I don't tend to believe the hype and especially not the 30 day rule. I've run (and own) too many 2-strokes that have fuel that's more than 1 year old, maybe close to 2 years in my snowblowers. I should probably dump the snowblower fuel. Anyway, I'll pour it into my solvent tank or the neighbor's weedeater.
je


----------



## dingeryote (Apr 22, 2012)

Lawnmower, splitter, trash pumps, pressure washer.

Any 4 cycle will handle slightly degraded gas better than a 2 cycle.
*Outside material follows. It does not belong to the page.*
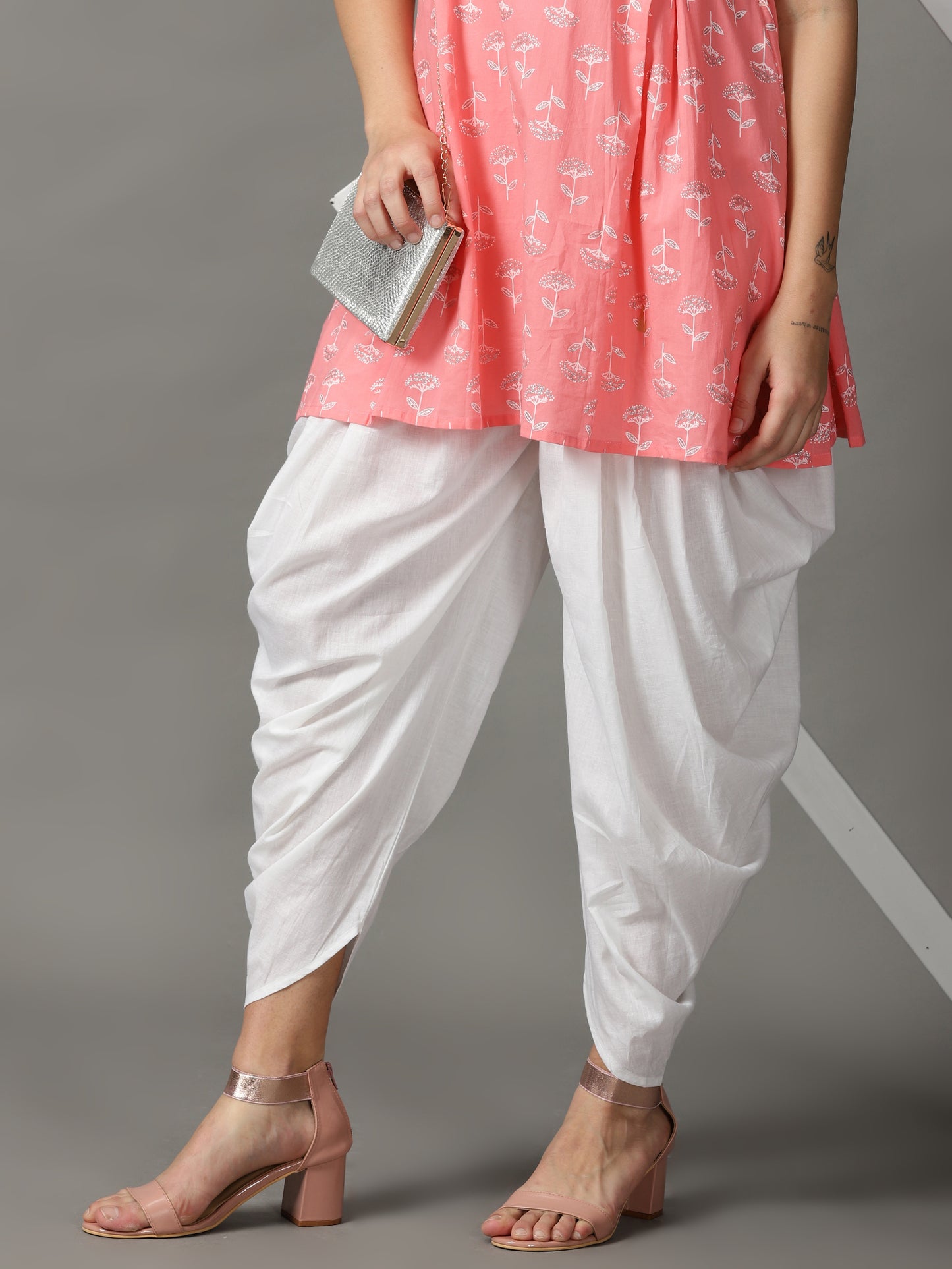 Women White Cotton Dhoti Pant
If it's really nasty, it gets mixed with Diesel and used for Woof juice on brush piles.

Stay safe!
Dingeryote


----------



## McCulloch1-52 (Apr 22, 2012)

Dump it in a tractor.


----------



## H 2 H (Apr 23, 2012)

o8f150 said:


> brush pile for me



I've been going thru atleast 3 gallons a month (2 cycle gas) so it doesnt matter to me 

But I don't keep any gas for over thirty days :msp_smile:

The gas that is over thirty days old I use to start fires in burning barrow and fire pit


----------



## AR200 (Apr 23, 2012)

Dump it in the lawn mower with a some straight gas. I use to love running my dirt bike 2 stoke gas in the mower if it sat too long I love the smell. Don't have a 2 smoke anymore. Made me feel like I was riding. We have several non ethanol stations arond here and I always use them and put stabil in the tank with the oil. Ethanol is bad for anything with a carburetor. If you run everyday maybe not the case but I don't want to chance it when I can get mm ethanol.


----------